El fósil, perteneciente a una especie llamada Alnashetri cerropoliciensis, revela que no todos los alvarezsáuridos eran comedores de hormigas. Este diminuto dinosaurio, uno de los alvarezsáuridos más pequeños encontrados, probablemente perseguía insectos y pequeños mamíferos como depredador, según Peter Makovicky, un paleontólogo de la Universidad de Minnesota.
El Peculiar
Típicamente encontrados en las rocas del Cretácico Tardío de Asia y América del Sur, los alvarezsáuridos se caracterizan por sus cortas extremidades delanteras con un pulgar con garra agrandado adaptado para cavar, dientes pequeños y características sensoriales similares a las vistas en aves nocturnas. Estas adaptaciones parecían perfectamente ajustadas para un estilo de vida centrado en montículos de termitas, apoyando la teoría de que su pequeño tamaño era resultado de esta especialización dietética. Pero la evidencia de Alnashetri cerropoliciensis sugiere lo contrario.
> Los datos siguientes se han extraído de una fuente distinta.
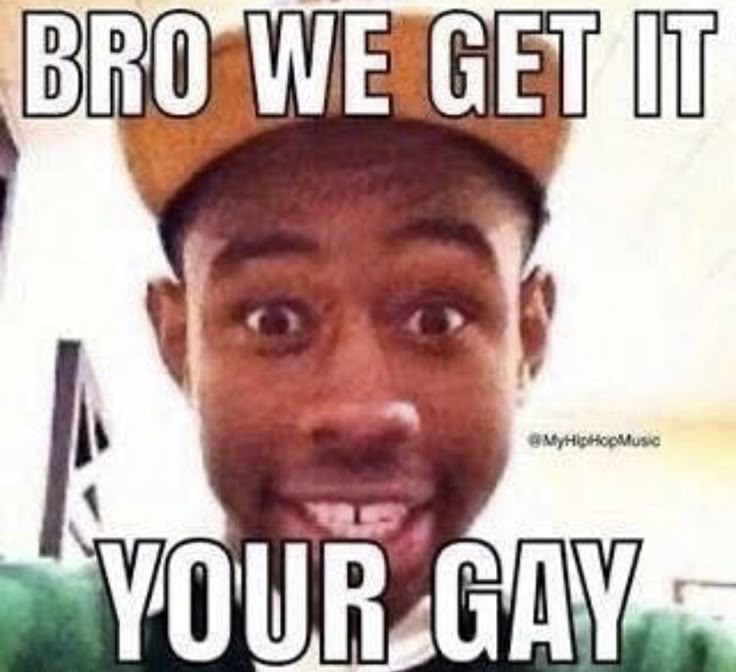 I Suck At Trading So I became a Grifter tweet media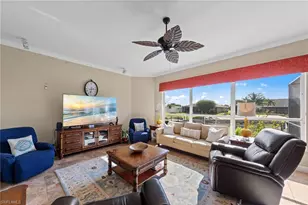 3733 SE 12th Pl, Cape Coral, FL 33904 - Photo 17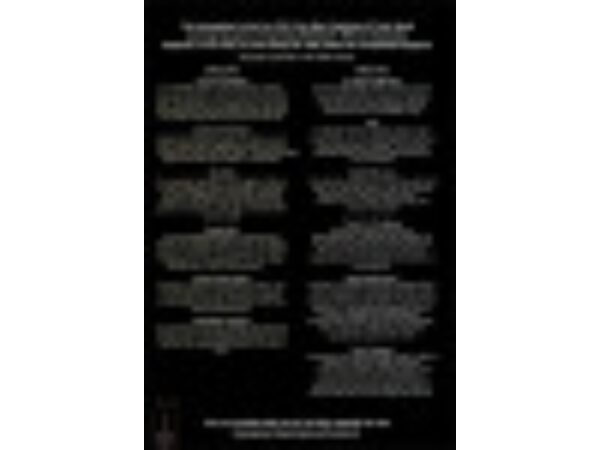 The Unexpected (2 DVD set) by Spelmann and Nardi - DVD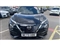 Nissan Juke Image 8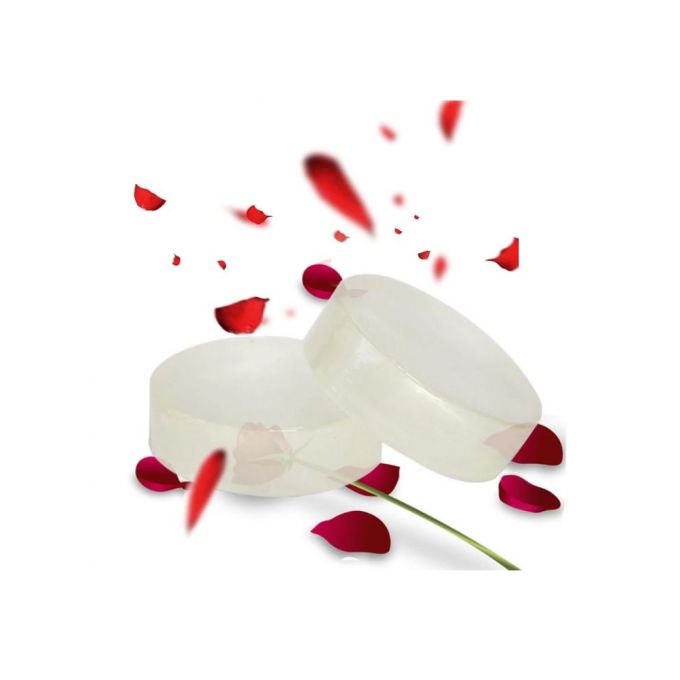 Organic Yoni Soap For Women Vaginal Wash & Cleanser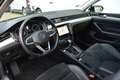 Volkswagen Passat Variant 1.4 TSI PHEV GTE Business | Pano | ACC | Camera | Negru - thumbnail 10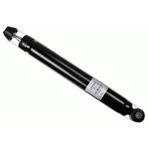 Arka Amortısor Sag / Sol 3008 09=- - Sachs 315 853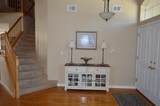 1121 Cypress St - Photo 12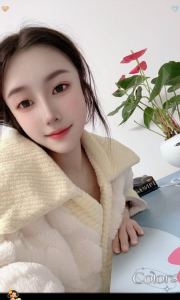 南三环纯情少妇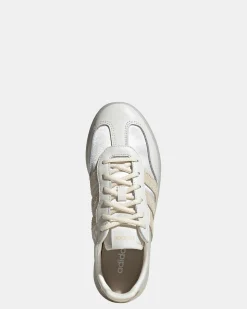 Adidas Performance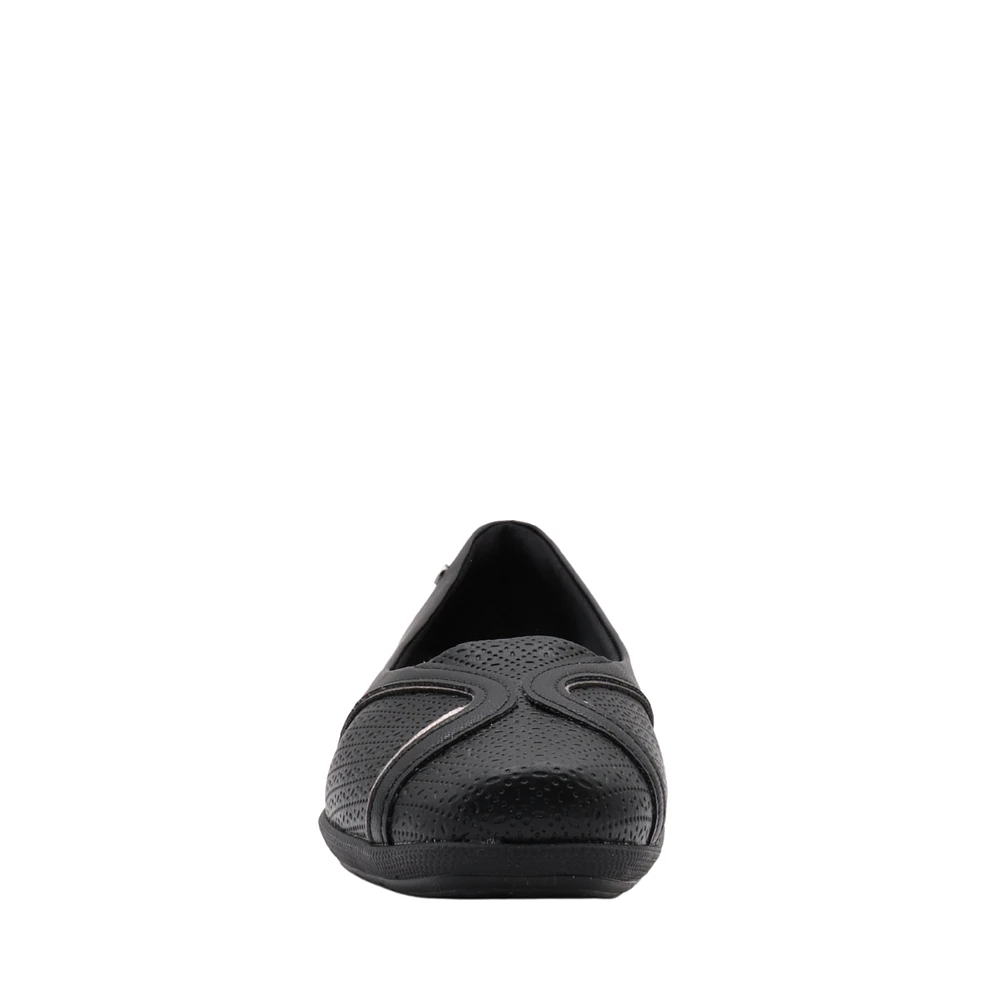 L1-143225N
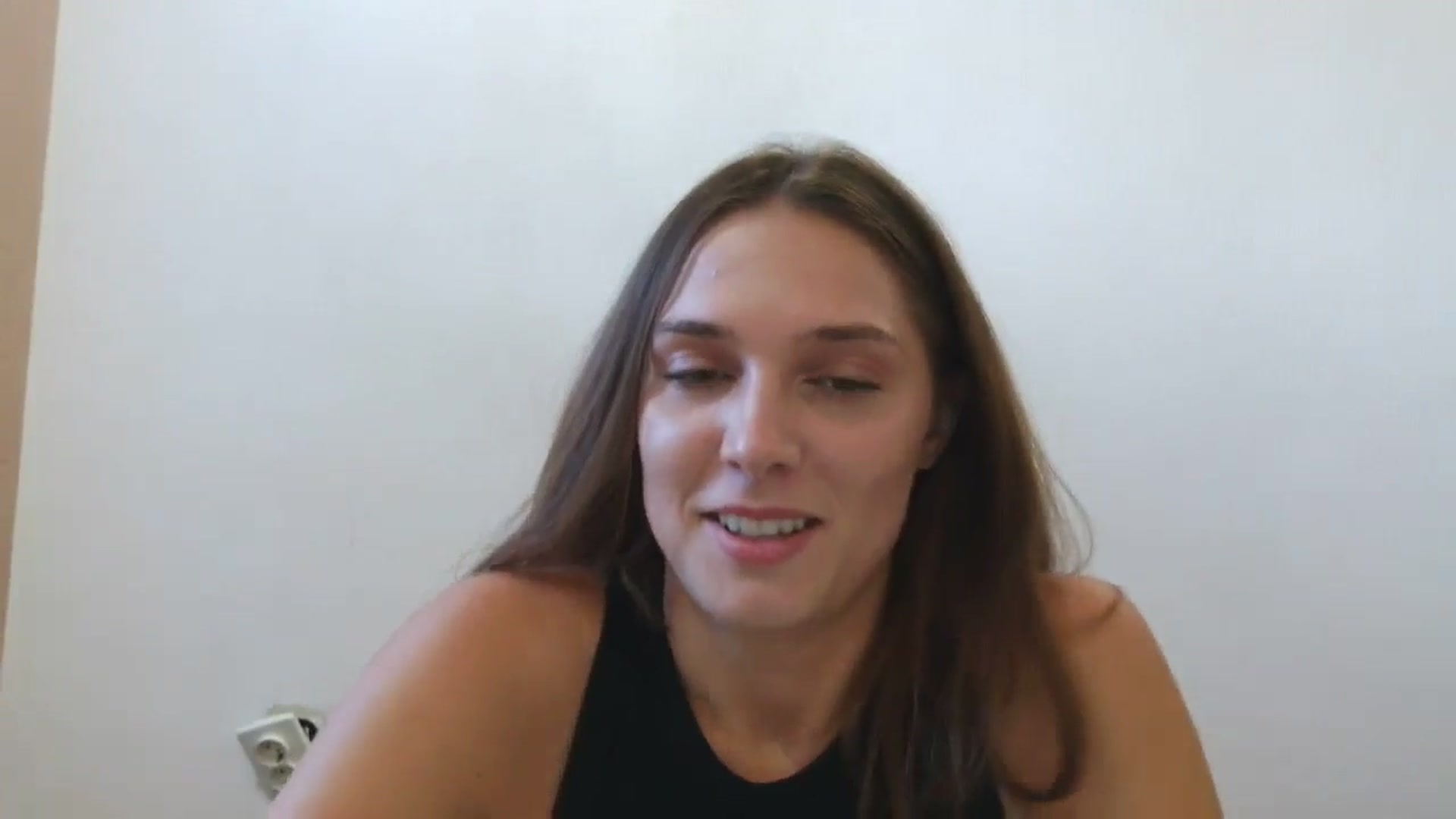 Gallery image thumbnail from HaleyReed's myfreecams stream on, 08/11/2025, 11:46 image 13 of 20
El fósil fue descubierto en la Formación Candeleros en Cerro Policía en la Provincia de Río Negro, Argentina, y se estima tiene alrededor de 90 millones de años. Representa el esqueleto de alvarezsáurido más completo y pequeño encontrado en América del Sur, a pesar de que le falta el techo del cráneo, partes de su brazo derecho, pierna derecha inferior y gran parte de su cola. Importante, el fósil muestra signos de hueso medular, lo que sugiere que era un subadulto cercano a la madurez sexual. Aun así, se estima que su peso adulto era de apenas 700 gramos.